=== What needs to be done ===
Copy out the listing below exactly, please, and skip any pictures.

=== Available records ===
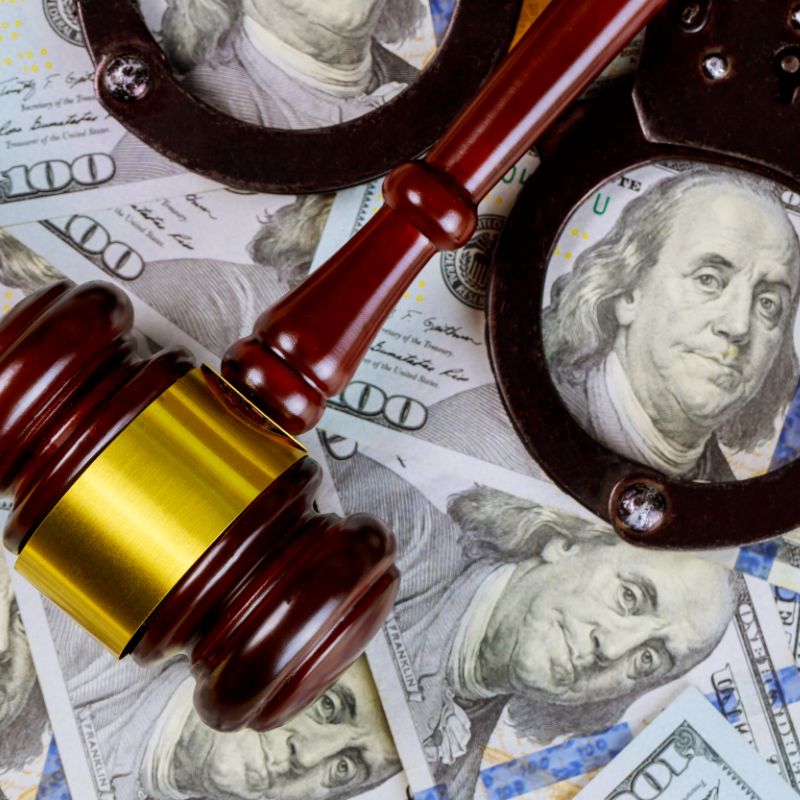 Asset Investigations for Business Partner Investigations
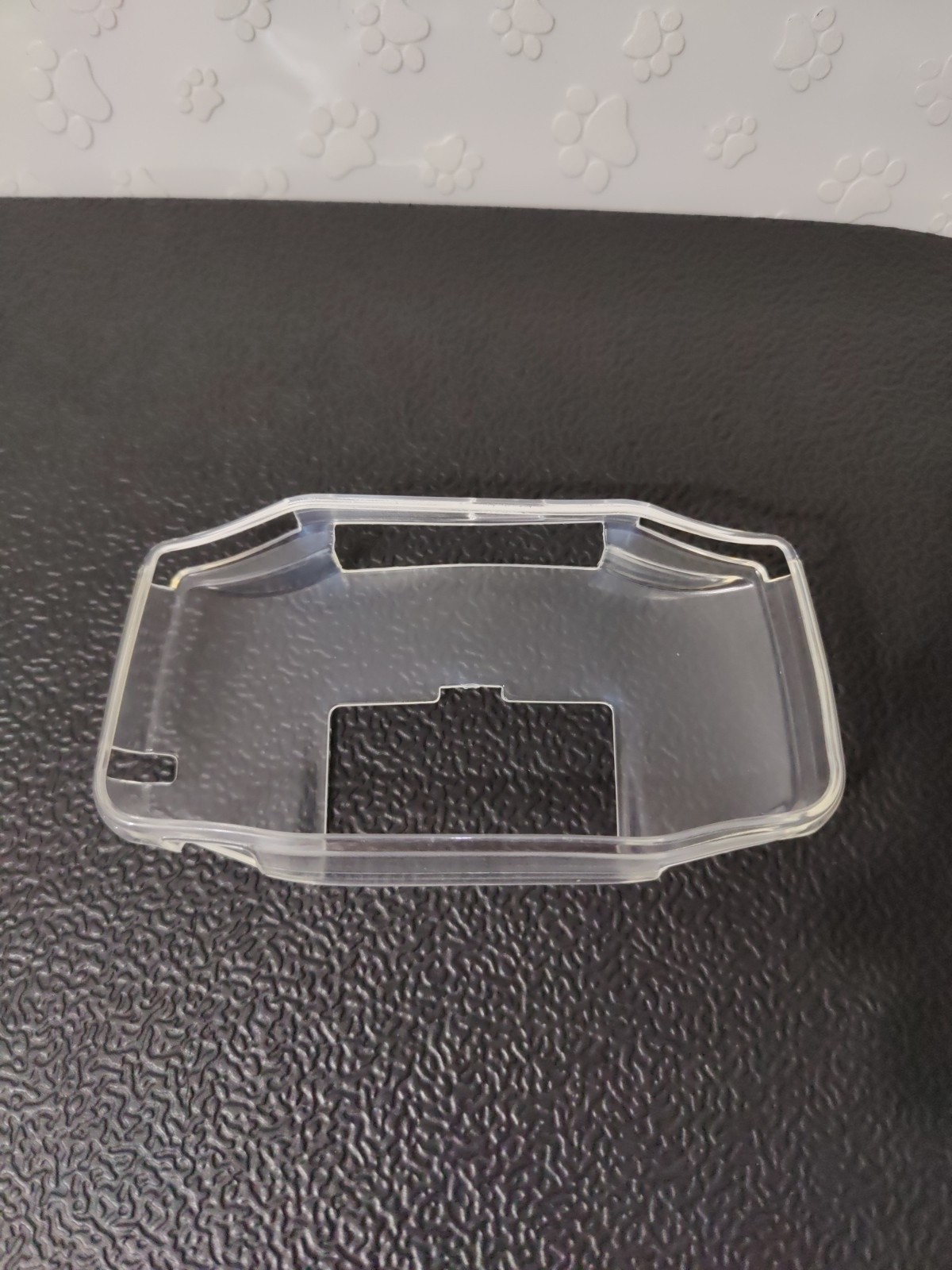 For GBA Game Boy Advance TPU Protective Soft Plastic Case Shell (Fast Shipping)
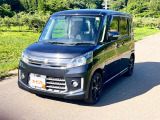 スペーシアカスタム XS リミテッド 4WD 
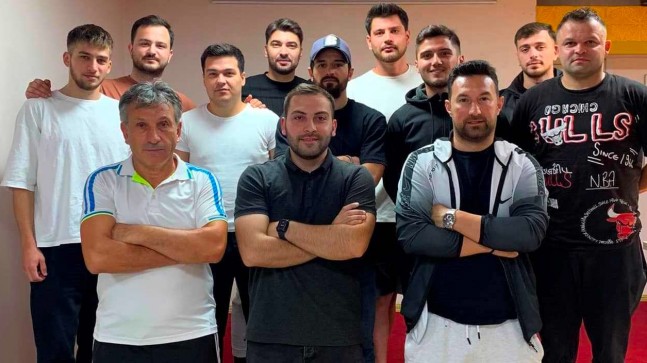 BEYKOZ ÇİĞDEMSPOR HIZLI BAŞLADI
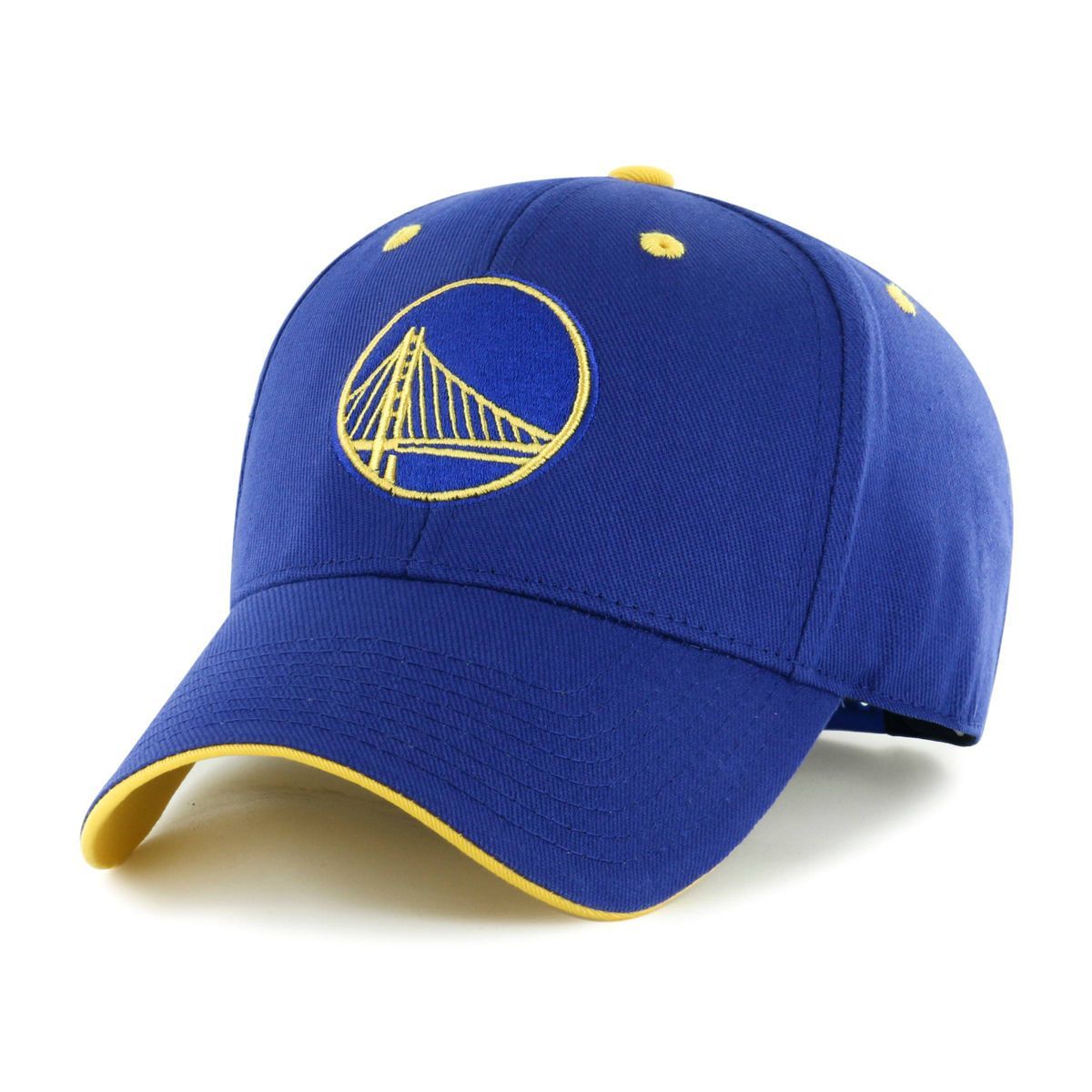 NBA Golden State Warriors Kids' Moneymaker Hat | Target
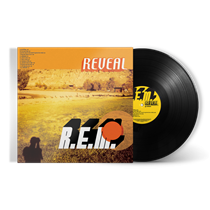 R.E.M. - Reveal - VINYL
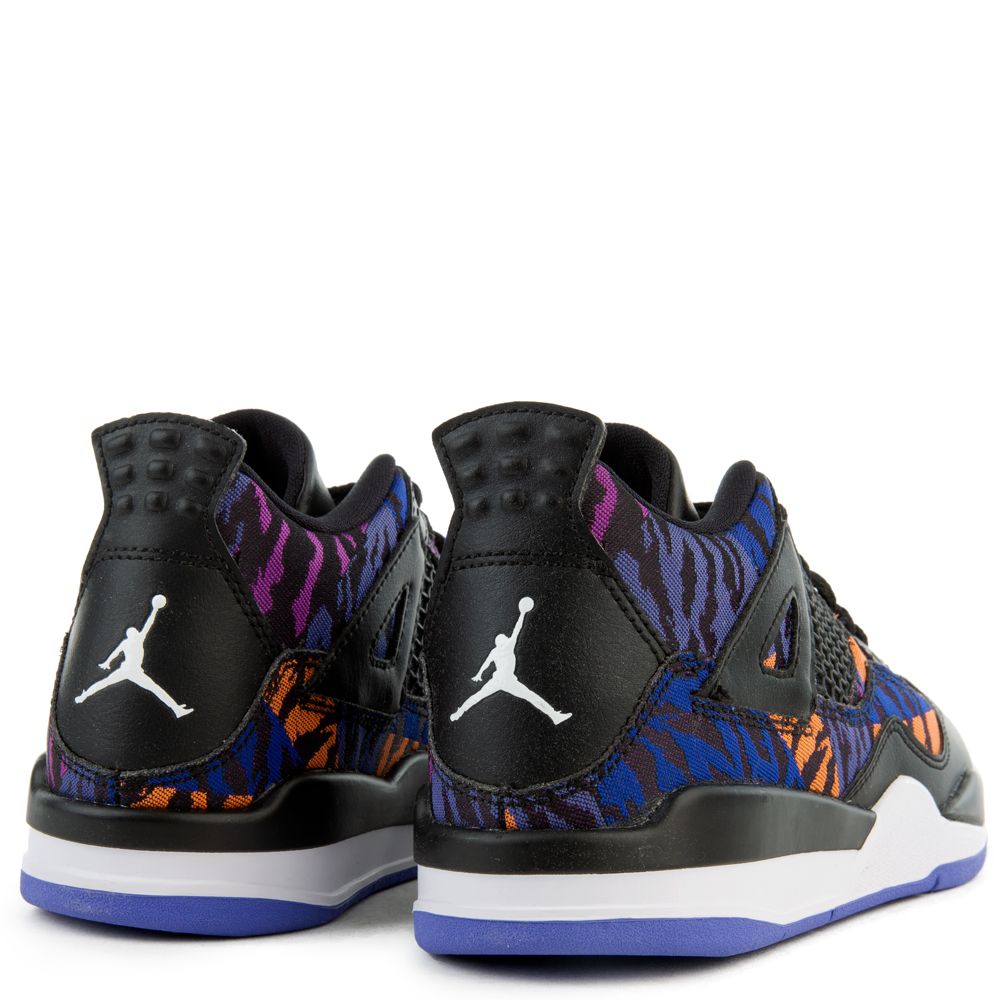 (PS) AIR JORDAN 4 RETRO 4 (PS) AIR JORDAN 4 RETRO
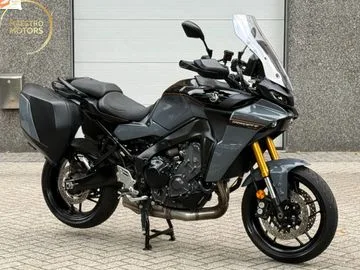 Yamaha Tracer 9 (2024) — foto 1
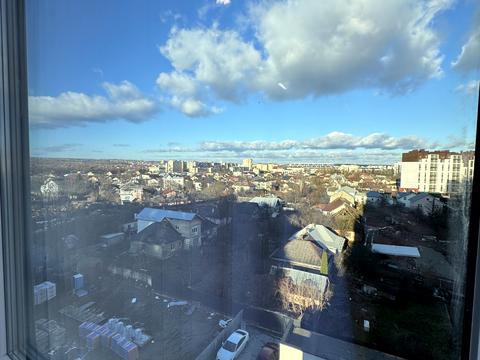 квартира за адресою Ленкавського вул., 4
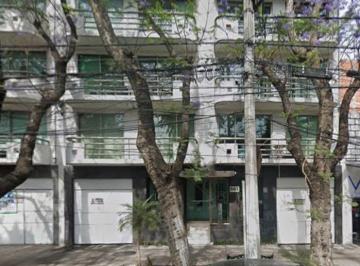 Departamento de 2 habitaciones, Benito Juárez · Dr. José María Vertiz 907, Narvarte Oriente, Benito Juárez, Cdmx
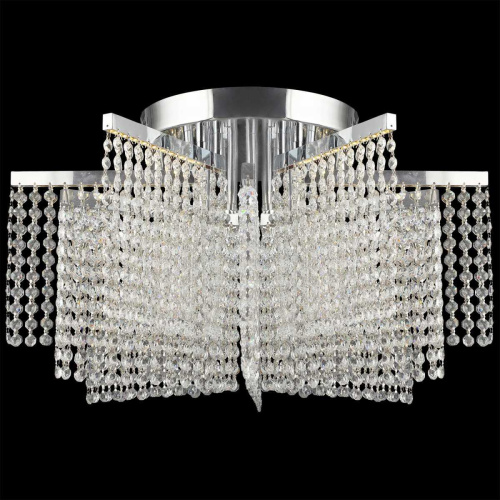 Потолочный светильник Reluce 02653-0.3-96W LED CH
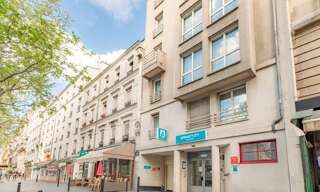 Appartement 1 Pièce 19 m² à vendre à Paris 19 (75019)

=== Result of this task ===
 Asset Investigations for Business Partner Investigations
 For GBA Game Boy Advance TPU Protective Soft Plastic Case Shell (Fast Shipping)
 スペーシアカスタム XS リミテッド 4WD 
 BEYKOZ ÇİĞDEMSPOR HIZLI BAŞLADI
 NBA Golden State Warriors Kids' Moneymaker Hat | Target
 R.E.M. - Reveal - VINYL
 (PS) AIR JORDAN 4 RETRO 4 (PS) AIR JORDAN 4 RETRO
 Yamaha Tracer 9 (2024) — foto 1
 квартира за адресою Ленкавського вул., 4
 Departamento de 2 habitaciones, Benito Juárez · Dr. José María Vertiz 907, Narvarte Oriente, Benito Juárez, Cdmx
 Потолочный светильник Reluce 02653-0.3-96W LED CH
 Appartement 1 Pièce 19 m² à vendre à Paris 19 (75019)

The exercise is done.